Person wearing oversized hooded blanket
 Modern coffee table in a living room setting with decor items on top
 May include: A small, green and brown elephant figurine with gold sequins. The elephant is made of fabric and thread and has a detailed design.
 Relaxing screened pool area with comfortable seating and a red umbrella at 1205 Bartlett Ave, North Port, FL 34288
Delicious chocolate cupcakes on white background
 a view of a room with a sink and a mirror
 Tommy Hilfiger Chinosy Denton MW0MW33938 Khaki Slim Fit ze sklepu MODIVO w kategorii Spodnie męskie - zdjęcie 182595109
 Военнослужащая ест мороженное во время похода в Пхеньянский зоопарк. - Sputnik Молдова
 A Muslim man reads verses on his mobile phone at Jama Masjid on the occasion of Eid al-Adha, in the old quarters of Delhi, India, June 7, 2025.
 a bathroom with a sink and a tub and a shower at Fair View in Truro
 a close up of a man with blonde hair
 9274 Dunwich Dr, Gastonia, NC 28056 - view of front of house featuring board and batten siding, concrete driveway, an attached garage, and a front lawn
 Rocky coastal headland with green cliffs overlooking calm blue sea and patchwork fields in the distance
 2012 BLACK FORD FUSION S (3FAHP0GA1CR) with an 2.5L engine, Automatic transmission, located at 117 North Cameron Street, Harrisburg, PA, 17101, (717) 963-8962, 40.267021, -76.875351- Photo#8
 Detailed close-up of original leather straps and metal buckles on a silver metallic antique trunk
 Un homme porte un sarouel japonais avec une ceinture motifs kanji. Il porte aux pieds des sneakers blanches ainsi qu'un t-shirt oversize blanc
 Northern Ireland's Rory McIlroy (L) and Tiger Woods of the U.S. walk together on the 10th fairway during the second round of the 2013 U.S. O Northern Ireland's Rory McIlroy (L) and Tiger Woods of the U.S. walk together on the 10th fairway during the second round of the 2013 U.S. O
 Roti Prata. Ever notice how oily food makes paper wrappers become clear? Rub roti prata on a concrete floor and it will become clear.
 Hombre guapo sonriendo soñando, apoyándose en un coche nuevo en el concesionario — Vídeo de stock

Problem:
Restate the records above verbatim up to and including the line containing "May include: A".

Task response:
Person wearing oversized hooded blanket
 Modern coffee table in a living room setting with decor items on top
 May include: A small, green and brown elephant figurine with gold sequins. The elephant is made of fabric and thread and has a detailed design.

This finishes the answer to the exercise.